Which is the kind of dribbling taqiyya we’ve come to expect from the sly little Islamo-Fascist.

Thursday is the chosen day because that day the Cabinet of Lebanese Prime Minister Fouad Siniora is set to meet.

Mustapha at Beirut Springs believes Hassan The Nose iain’t quite getting the whiff of the Sunni sentiment in Lebanon, and recalls explaining to a Shiite friend (Mustapha is a Sunni) who is “not religious but a fervent supporter of Hezbollah” why most Lebanese Sunnis don’t share her enthusiasm:

After talking with her, I realized that she simply couldn’t understand why would anyone not support Hezbollah. Her feelings were so strong and entrenched that she concluded: “To me, the only reason why you would be against Hezbollah, is either because you hate the Shiaas, or because you are taking orders from the Americans, why else would you gloat at the killing of our brothers and sisters during the Israeli war?”

[..]
My friend was shocked when I told her about what Syria did in the North, where people were seriously harassed under Syrian tutelage. And I’m not talking about regular political assassinations and bogeymanship, I’m talking about mass humiliation and utter disregard for human dignity. Lands stolen and plundered, Men ordered to send their wives to Syrian officers, mothers were given machine guns and forced to kill their own children. Cars were stolen and sold back to their owners, phones were tapped and mass scale harassments were taking place. If you add that to the regime’s history with the Sunnis (Mass wiping of Hama, shelling beb el tibbene, killing muftis, installing the Karamis to rule Tripoli) you would understand why Hariri’s murder and its consequences are not just an excuse for Sunnis to grab power, it’s a loud, resounding ENOUGH from an entire sect. This is no longer about Hariri, it’s about a straw that broke a camel’s back.

As I concluded from my friend and from Nassrallah’s speech yesterday, Hezbollah and its supporters seem to sincerely believe that the only reason the Sunnis want the Hariri tribunal is because Hariri is buying out their loyalties, or because his media empire is mobilizing and misinforming them.
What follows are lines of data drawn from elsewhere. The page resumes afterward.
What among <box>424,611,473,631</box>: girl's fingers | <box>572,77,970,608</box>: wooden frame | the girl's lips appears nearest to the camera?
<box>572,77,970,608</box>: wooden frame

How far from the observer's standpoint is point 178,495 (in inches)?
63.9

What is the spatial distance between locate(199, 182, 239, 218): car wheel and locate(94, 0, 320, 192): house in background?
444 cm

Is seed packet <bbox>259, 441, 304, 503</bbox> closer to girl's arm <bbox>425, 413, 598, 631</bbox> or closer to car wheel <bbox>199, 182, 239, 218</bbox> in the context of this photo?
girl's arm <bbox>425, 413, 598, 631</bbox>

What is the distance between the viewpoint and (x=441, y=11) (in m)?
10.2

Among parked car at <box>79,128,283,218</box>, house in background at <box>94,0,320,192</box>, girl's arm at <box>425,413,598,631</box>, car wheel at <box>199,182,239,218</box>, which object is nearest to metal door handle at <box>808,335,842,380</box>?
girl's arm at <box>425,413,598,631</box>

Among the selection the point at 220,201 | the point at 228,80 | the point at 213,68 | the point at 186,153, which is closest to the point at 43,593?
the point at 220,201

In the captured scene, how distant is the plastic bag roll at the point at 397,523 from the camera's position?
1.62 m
Yesterday, the overwhelming Sunni reaction to Nassrallah’s speech was a loud: “does he think we’re stupid?”

No, he thinks there is noone in the country who has the power to stop him.

November 21st, 2006

Alexander Litvinenko’s Terror from Within.
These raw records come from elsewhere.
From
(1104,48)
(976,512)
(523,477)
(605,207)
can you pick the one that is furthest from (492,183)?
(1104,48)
The Russian dissident Alexander Litvinenko, a former Soviet spy currently in intensive care in London after being poisoned with thallium, was granted asylum in the United Kingdom in 2001. A few months later he released his book “Blowing up Russia : Terror from Within”:

Blowing up Russia

In this book Litvinenko alleged that the FSB was responsible for the apartment block bombings in Russia that were blamed on Chechens and became the pretext for the second Chechen War. I have not read the book myself, although it has been sitting in my Amazon Wish List for a couple of years now, but the reviews and the cover suggest the book’s thesis is that the FSB used acts of terror, abduction and contract killings to influence public opinion in Russia, using fear and nationalism to steer the country under authoritarian rule. The book has just shot to the top of my reading list.

(h/t Noisy Room)

November 21st, 2006

The liberation of Iranian universities from freedom continues.
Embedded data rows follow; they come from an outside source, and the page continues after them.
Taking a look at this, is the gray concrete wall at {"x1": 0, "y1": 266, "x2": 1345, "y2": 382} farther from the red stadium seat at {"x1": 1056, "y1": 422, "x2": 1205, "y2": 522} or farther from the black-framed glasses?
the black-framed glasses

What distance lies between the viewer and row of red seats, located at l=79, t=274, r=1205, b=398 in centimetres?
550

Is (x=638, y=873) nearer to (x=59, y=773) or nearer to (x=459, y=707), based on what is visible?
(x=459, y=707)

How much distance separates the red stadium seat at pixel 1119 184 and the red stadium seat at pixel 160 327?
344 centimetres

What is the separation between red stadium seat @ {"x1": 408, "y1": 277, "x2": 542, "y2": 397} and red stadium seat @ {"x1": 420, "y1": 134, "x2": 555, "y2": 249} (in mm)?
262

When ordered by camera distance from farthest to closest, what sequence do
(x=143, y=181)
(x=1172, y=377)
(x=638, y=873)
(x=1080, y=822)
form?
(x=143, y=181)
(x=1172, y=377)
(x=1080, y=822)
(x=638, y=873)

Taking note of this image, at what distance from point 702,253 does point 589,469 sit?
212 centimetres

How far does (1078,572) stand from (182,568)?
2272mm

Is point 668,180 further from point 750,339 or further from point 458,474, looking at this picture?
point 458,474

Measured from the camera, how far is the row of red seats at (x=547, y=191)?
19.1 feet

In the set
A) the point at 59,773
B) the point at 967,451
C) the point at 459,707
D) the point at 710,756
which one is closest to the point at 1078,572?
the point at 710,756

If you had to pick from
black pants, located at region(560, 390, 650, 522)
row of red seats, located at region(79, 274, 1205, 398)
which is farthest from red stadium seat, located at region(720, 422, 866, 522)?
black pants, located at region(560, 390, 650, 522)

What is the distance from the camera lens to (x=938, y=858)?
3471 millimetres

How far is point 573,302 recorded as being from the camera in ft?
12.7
Mousalreza Servati, an Iranian MP who is a member of the “influential parliamentary cultural committee”, on the proposed segregation of the sexes in Iranian universities:

“When the working environment is all-male or all-female, employees and students are liberated from certain distractions. In free environments, the possibility exists that when a lady passes, a gentleman likes her face or her behaviour and has it not happened quite often that this interest later results in the wife leaving the husband to marry another man?”

I can see how that would be rather frustrating after the parents went to so much trouble to arrange that marriage in the first place.

Couldn’t liberation be achieved by just getting women to wear a sack on their head or something? Oh wait, you’ve already tried that.